Varnish: a website accelerator

Varnish


Software version	Varnish 2
Operating System	Debian 6
Website	Varnish Website

Introduction

Varnish is a cache server for Web servers. It makes websites much faster. It can also perform load balancing across multiple backend web servers or act as a reverse proxy. Basically, we place it in front of web servers to intercept requests, cache what is generated by the backends, and serve the generated content from its cache. But its functionality can go much further.

Varnish is configured simply with two types of files. The Varnish configuration file where we define certain internal parameters and the VCL files that allow you to configure Varnish's behavior via a kind of programming language.

The principle of Varnish is based on the following state machine:

Varnish vcl

Varnish allows you to intervene at each state level to perform operations on HTTP or on itself. It's this fine-grained intervention that makes Varnish both fast and comprehensive.

A client making a request for a resource that is not in cache will follow this path:

Varnish cache miss

If this resource is requested again, the path followed changes because the resource is now cached:

Varnish cache hit

All these steps are symbolized in VCL by "standard procedures" (vcl_recv, vcl_fetch, vcl_deliver, etc.). All these procedures can be overridden, and we can also declare our own procedures that will be called in the standard procedures. The VCL language does not tolerate any orphaned code; everything declared must be used.

Installation

On Debian... always simple:

1	`aptitude install varnish`

Configuration

The basics

VCLs

First, if Varnish is running on the same machine as your web server, point your current web server to another port (8080 for example), then restart it to apply the new configuration.

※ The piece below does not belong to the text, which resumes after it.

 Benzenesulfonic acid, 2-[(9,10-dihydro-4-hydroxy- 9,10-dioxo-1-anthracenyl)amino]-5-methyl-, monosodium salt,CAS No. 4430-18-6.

Now we'll modify the Varnish configuration to tell it which backend server to use. Adapt these lines to your configuration:

...
backend default {
    .host = "127.0.0.1";
    .port = "8080";
}
...

127.0.0.1: the web server to which Varnish should redirect traffic
8080: the port of the web server in question

The daemon

Cache on disk

Next, we'll modify the Varnish server configuration to give it some additional information:

...
# Should we start varnishd at boot?  Set to "yes" to enable.
START=yes
[...]
DAEMON_OPTS="-a :80 \
             -b localhost:8080 \
             -u varnish -g varnish \
             -S /etc/varnish/secret \
             -s file,/var/lib/varnish/$INSTANCE/varnish_storage.bin,1G"
[...]

-a: the port on which the Varnish server will listen
-b: the web server to which Varnish should redirect traffic
-s: the 1GB cache file located on disk (lower performance than RAM)

Cache in RAM

You might want your cache to be in RAM for even better access! This is entirely possible :-). I've taken the opportunity to add a few elements to optimize everything:

...
# Should we start varnishd at boot?  Set to "yes" to enable.
START=yes
[...]
DAEMON_OPTS="-a :80 \
             -b localhost:8080 \
             -S /etc/varnish/secret \
             -p thread_pools=2 \
             -p thread_pool_min=100 \
             -p thread_pool_max=2000 \
             -p thread_pool_add_delay=2 \
             -p session_linger=50 \
             -s malloc,512m"
[...]

-a: the port on which the Varnish server will listen
-b: the web server to which Varnish should redirect traffic
-p thread_pools: insert the number of cores on your machine
-p thread_pool_min (default: 5): Idle threads are harmless. This number is multiplied by the number of thread pools you have, and the total should be about what you need to run on a normal day.
-p thread_pool_max (default 1000): The maximum number of threads is limited by available file descriptors, however, setting it too high won't increase performance. Having idle threads is reasonably harmless, but don't increase this number above 5000 or you risk having problems with file descriptors or worse.
-p thread_pool_add_delay=2 (default 20ms): Reducing the add_delay option allows you to create threads faster, which is essential, especially at startup to avoid filling the queue and dropping requests.
-p session_linger: to avoid context switching when bursting the CPU.
-s malloc: probably the most interesting option here, allows using cache in RAM. Ideally, take 80% of your memory if possible.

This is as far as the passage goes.